Elon Musk has recently suggested Using nuclear devices to terraform Mars. In the past, comet related ideas were mooted, but Musk seems, to me anyway, to be a man in a hurry and perhaps his idea has some merit, as waiting around for suitable comets may take a while and involve large energy expenditure.
The businessman has often stated that he thinks humans should colonize Mars, and now it seems he’ll stop at nothing to get his way. “It is a fixer-upper of a planet,” Musk told Colbert. “But eventually you could transform Mars into an Earth-like planet.” There’s a fast way and a slow way to do that. The slow way involves setting up lots of pumps and generators to warm up the red planet so that its frozen carbon dioxide melts and wraps the planet in a thicker atmosphere. The thicker blanket of CO2 helps the planet warm up further, thus melting more carbon dioxide, and the positive feedback loop continues. (This is essentially what we’re doing on Earth, and it’s called global warming.) There's a simpler and cheaper way to warm up Mars. “The fast way is, drop thermonuclear weapons over the poles,” said Musk.

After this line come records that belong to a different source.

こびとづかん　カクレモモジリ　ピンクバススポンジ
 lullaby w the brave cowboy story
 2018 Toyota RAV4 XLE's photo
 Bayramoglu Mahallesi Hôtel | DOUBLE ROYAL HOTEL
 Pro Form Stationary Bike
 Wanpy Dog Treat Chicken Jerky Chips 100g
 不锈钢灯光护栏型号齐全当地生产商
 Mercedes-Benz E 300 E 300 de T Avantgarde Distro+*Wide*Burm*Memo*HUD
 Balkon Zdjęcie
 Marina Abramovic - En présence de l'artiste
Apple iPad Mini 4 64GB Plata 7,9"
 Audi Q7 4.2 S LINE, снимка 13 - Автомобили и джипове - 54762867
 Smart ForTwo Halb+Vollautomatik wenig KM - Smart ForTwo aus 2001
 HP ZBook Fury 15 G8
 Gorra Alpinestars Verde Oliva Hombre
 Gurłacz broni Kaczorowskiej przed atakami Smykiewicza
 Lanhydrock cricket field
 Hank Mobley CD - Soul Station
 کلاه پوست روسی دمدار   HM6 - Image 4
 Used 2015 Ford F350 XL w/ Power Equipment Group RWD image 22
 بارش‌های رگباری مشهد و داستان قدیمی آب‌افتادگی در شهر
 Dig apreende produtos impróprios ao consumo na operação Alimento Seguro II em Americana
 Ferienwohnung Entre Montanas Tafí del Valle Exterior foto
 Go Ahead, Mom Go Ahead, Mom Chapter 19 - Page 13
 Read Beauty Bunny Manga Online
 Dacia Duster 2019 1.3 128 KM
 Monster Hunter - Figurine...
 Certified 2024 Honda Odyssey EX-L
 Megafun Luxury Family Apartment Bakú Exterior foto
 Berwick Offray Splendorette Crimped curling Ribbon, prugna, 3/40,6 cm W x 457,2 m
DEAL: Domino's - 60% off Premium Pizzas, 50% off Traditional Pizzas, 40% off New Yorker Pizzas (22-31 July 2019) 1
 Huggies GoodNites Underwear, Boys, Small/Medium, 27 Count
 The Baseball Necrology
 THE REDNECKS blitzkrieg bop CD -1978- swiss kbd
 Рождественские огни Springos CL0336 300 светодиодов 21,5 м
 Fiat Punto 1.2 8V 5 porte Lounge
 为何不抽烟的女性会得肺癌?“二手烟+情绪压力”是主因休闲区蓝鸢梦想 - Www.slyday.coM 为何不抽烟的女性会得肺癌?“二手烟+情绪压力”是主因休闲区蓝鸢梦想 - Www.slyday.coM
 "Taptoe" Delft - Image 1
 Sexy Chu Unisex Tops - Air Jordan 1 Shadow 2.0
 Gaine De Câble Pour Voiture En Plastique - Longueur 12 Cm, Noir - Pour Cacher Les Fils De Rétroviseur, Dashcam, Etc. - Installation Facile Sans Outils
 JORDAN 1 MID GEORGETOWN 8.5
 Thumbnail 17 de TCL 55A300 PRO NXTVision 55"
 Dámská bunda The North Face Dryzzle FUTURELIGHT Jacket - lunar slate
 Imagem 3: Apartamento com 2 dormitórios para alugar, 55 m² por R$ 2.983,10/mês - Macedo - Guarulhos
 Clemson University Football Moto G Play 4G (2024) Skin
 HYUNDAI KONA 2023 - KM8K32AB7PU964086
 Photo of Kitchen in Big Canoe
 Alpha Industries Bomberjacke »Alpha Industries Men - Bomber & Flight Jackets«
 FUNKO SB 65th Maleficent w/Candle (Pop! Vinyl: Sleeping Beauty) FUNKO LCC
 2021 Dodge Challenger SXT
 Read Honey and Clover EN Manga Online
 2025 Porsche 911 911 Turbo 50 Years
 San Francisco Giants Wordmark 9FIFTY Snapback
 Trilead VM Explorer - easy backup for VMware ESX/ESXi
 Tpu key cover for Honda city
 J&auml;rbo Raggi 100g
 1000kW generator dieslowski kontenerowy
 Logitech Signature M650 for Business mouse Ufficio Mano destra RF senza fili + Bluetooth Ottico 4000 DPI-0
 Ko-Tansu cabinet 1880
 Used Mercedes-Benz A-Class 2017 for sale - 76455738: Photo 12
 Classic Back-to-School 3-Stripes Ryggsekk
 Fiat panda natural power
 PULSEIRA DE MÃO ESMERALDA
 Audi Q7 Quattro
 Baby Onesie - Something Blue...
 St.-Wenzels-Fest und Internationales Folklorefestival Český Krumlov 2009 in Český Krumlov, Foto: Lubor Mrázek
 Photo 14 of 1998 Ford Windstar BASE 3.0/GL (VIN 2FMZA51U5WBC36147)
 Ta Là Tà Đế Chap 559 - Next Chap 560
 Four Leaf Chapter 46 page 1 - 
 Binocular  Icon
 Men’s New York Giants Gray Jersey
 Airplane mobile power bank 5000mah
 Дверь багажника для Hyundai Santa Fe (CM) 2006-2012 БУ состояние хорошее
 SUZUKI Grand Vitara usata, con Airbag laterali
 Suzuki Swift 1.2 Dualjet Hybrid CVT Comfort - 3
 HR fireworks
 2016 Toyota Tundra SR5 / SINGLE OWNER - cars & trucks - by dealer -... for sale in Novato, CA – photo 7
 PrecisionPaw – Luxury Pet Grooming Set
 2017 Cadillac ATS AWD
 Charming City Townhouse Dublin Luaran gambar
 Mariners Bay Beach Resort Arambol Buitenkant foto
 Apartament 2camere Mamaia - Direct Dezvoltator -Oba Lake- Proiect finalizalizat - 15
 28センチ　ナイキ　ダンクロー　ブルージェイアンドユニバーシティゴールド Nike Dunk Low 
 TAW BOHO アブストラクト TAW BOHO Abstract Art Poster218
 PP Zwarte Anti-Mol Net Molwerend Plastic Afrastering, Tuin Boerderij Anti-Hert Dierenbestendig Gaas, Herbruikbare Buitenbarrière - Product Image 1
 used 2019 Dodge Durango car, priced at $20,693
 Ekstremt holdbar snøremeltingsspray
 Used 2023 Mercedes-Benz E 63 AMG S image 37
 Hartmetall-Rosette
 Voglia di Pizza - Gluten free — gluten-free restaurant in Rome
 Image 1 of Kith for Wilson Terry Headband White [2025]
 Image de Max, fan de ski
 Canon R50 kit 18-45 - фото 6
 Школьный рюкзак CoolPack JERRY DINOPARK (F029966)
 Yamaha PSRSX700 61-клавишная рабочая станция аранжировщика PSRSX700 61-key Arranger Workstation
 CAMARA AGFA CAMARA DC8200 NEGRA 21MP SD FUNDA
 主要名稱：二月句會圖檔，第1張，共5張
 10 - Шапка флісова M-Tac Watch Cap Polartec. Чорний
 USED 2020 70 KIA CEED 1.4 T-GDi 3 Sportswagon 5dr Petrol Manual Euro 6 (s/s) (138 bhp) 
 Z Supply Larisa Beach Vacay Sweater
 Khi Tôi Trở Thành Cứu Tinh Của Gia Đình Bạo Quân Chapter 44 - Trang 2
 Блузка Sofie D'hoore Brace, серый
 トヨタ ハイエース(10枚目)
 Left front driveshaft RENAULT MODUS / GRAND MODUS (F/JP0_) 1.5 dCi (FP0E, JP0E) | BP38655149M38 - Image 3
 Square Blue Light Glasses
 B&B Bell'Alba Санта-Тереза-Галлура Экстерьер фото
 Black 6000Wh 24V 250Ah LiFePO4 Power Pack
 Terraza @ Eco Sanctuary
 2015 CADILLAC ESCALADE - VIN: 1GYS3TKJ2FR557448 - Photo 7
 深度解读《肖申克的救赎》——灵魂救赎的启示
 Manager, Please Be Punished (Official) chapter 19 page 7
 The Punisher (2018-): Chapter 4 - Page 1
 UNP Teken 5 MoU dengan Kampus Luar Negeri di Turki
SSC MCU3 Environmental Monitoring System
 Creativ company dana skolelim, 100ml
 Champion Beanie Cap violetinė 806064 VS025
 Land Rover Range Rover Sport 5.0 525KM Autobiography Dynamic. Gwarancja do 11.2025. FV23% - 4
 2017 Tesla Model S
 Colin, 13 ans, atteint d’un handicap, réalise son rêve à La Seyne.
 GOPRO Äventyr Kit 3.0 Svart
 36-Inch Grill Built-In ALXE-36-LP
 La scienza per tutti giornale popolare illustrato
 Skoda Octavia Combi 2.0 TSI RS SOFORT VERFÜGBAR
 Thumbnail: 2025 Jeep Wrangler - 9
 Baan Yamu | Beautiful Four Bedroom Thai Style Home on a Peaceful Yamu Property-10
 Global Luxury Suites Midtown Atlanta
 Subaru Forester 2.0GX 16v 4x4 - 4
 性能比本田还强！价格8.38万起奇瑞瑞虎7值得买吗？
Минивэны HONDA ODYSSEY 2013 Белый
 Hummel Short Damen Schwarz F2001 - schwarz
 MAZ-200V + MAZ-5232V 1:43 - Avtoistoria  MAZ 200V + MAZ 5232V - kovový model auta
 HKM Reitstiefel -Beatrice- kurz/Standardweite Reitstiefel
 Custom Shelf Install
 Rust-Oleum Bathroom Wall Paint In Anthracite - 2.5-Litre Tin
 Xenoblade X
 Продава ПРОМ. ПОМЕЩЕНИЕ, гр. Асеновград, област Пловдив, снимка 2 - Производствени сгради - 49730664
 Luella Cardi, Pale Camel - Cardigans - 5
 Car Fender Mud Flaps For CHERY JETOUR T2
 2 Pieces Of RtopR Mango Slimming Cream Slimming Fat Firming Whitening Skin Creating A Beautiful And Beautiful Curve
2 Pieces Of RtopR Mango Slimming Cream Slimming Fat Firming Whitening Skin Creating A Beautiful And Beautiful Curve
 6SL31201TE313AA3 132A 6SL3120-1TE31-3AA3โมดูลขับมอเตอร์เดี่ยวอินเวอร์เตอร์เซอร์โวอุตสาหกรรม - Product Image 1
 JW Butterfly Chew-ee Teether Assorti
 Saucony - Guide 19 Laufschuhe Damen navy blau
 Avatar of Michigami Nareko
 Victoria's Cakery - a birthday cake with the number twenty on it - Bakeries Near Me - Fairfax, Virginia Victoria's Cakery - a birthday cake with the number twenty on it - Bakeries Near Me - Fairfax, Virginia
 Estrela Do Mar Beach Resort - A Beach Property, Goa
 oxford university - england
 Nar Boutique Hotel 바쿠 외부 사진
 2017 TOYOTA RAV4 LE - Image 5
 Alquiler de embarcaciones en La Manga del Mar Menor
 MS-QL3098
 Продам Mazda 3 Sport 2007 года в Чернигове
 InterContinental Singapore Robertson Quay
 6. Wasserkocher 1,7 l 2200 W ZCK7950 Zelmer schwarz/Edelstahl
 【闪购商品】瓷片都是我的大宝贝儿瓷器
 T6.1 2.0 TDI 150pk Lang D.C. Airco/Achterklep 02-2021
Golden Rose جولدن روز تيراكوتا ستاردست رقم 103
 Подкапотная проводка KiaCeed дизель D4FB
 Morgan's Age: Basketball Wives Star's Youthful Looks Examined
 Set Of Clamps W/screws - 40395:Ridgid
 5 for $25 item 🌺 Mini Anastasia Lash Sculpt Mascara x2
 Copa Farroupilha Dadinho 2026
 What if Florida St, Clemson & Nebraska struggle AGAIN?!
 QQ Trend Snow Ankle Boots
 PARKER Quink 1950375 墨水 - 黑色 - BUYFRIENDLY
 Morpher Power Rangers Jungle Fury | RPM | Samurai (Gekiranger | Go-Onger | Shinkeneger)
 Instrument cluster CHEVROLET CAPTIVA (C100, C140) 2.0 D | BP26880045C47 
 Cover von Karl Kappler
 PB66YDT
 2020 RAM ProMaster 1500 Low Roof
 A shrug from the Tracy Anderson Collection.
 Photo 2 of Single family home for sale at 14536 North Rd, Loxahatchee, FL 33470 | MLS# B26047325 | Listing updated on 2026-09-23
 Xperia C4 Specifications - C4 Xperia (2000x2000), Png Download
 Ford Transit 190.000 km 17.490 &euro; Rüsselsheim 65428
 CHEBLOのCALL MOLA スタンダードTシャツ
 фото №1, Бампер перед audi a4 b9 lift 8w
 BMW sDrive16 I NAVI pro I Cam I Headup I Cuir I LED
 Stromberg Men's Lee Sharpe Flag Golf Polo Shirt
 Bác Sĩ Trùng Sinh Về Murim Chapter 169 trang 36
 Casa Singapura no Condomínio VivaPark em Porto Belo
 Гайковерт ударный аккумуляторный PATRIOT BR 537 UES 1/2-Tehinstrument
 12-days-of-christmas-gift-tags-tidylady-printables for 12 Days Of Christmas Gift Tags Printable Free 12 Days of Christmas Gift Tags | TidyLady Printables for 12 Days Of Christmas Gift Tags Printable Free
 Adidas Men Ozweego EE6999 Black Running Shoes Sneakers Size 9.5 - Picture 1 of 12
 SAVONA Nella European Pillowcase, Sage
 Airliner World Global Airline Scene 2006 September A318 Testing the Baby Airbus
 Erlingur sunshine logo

I can't immediately find an estimate of the volume of the carbon dioxide on (or under) the Martian surface but this source Water on Mars gives an estimate of water ice volume:
Water on Mars exists today almost exclusively as ice, with a small amount present in the atmosphere as vapor. The only place where water ice is visible at the surface is at the north polar ice cap. Abundant water ice is also present beneath the permanent carbon dioxide ice cap at the Martian south pole and in the shallow subsurface at more temperate latitudes. More than five million cubic kilometers of ice have been identified at or near the surface of modern Mars, enough to cover the whole planet to a depth of 35 meters. Even more ice is likely to be locked away in the deep subsurface.
Physically, and I do want to stick to the physics, particularly the atmospheric physics, rather than engineering, is this idea feasible?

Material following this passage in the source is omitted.